In a drunken video, Rudolpho drones on about dreams and monsters.
Rudolpho then contacts the Tulip, telling Dante than there's been a meltdown on the ultra-prison on Ganymede, and that 32 prisoners have escape... all of which offer pricey bounties for their capture. Dante's not interested, but he owes Rudolpho 5 years back rent on the ship.
The smoothly unstable Pretrakist and a handful of fellow escaped prisoners hijack a private space yacht, and casually start shooting their way through the wealthy hostages for laughs.
Our heroes pick up a distress call from the yacht and move into pursuit, killing its electronics with a pulse, then using a docking rig that cuts straight into the hull. Dante and Luc then charge in, fully armed. All of the prisoners but Pretrakist surrender, and when he hears Dante adding up their bounties, he shoots and kills them all just before turning himself in, thus intentionally screwing with Dante's earnings.

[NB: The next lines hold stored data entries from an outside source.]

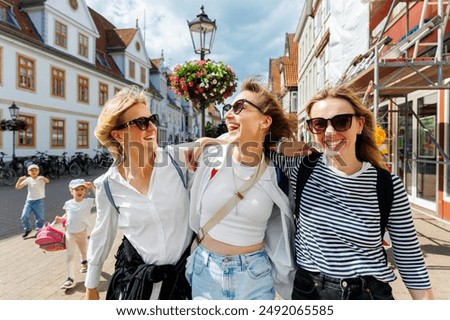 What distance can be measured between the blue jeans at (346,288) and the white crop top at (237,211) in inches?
13.7

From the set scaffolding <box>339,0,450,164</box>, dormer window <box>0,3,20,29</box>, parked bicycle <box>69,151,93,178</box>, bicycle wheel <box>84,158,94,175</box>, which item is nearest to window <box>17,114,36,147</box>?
parked bicycle <box>69,151,93,178</box>

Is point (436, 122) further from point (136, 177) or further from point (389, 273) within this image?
point (136, 177)

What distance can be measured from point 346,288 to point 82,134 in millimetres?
24797

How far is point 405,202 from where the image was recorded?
5.16ft

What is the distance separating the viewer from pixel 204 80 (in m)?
5.02

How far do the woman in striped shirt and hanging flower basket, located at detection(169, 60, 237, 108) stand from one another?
3.50m

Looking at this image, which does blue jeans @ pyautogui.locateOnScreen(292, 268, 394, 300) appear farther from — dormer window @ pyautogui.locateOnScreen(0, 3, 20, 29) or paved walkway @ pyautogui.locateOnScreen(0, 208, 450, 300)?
dormer window @ pyautogui.locateOnScreen(0, 3, 20, 29)

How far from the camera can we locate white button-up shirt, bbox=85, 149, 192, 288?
179 centimetres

Pretrakist is thrown in the Tulip's holding deck, and Dante waits for a rescue craft to show up to help the surviving hostages before taking off. Luc lectures Dante about his detached recklessness and storms off. Percy suggest dumping Luc from the crew, but Dante says he needs someone to keep him in check.
With a sudden lurch, Caravaggio informs the crew they've been forcibly docked by a Special Ops unit led by Major Wayne Bartlett, who invokes protocol to commandeer the Tulip so he and his heavily armed forces can transport a high-priority prisoner: what appears to be a frail teenage girl named Ire. Dante begrudgingly plays along, leading Bartlett's men to the bridge while an incensed Percy and a cooperative Luc (a Special Ops vet herself) are confined to quarters.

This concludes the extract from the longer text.